Integrity, noun, the quality of being honest and having strong moral principles; moral uprightness. -Oxford Languages
In laymen’s terms, integrity is often described as, “Doing the right thing, even though no one is watching.”
When I think about the current election season, this word and meaning keep coming to mind.
If you’ve been out and about lately, you have probably seen the number of political signs steadily increasing throughout Kyle. It started with just a couple, but it seems as if a new one is being added nearly daily.
I was spending some extra time waiting for a train in downtown Kyle the other day, when I noticed something missing from a shocking number of the signs: a right-of-way disclaimer.
You see, according to Sec. 225.001 of the Texas Election Code, “(a) The following notice must be written on each political advertising sign:
‘NOTICE: IT IS A VIOLATION OF STATE LAW (CHAPTERS 392 AND 393, TRANSPORTATION CODE), TO PLACE THIS SIGN IN THE RIGHT-OF-WAY OF A HIGHWAY.’
(b) A person commits an offense if the person:
(1) knowingly enters into a contract to print or make a political advertising sign that does not contain the notice required by Subsection (a); or
(2) instructs another person to place a political advertising sign that does not contain the notice required by Subsection (a).
(c) An offense under this section is a Class C misdemeanor.
(d) It is an exception to the application of Subsection (b) that the political advertising sign was printed or made before September 1, 1997, and complied with Subsection (a) as it existed immediately before that date.
(e) In this section, ‘political advertising sign’ means a written form of political advertising designed to be seen from a road but does not include a bumper sticker.
This means, all forms of political signage (save bumper stickers) intended to be seen from the road must have the disclaimer regarding the illegality of placing a sign in the right-of-way.
It seems like a small thing, I am sure.

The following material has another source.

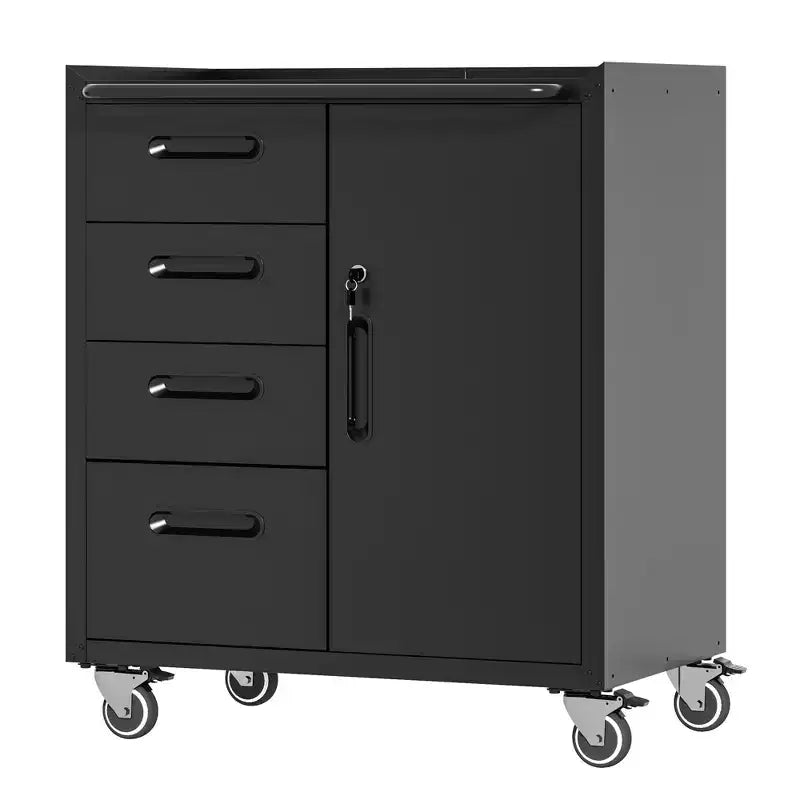 Rolling Steel Tool Cabinet – 4 Drawers + Lockable Storage, 34.65"Hx29.53"Wx16.5"D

But that brings me back to integrity.
If the election officials in the county are not doing anything about it, which —judging by the fact that the signs are still up — they aren’t, does that make it okay?
I believe it does not. I believe that the people I want to represent me should be looking at the “small things” because those become the big things down the road.
When someone takes a political office, they have a duty to uphold the laws of the body of which they are sworn into. But I can tell you that a lot of that upholding (or lack thereof) happens behind the scenes.
If our candidates cannot even manage a simple disclosure for something that is plastered all around the city, what faith do I have that they will speak for the best interests of the people day in and day out behind closed doors?
From the time this publishes, election day will be less than one week away. I encourage you to spend that time doing your research. Look at the history of the people running for office. Do they maintain integrity? Do their actions match their words? And maybe, just maybe, check out their signs on the way into city hall. You might be surprised.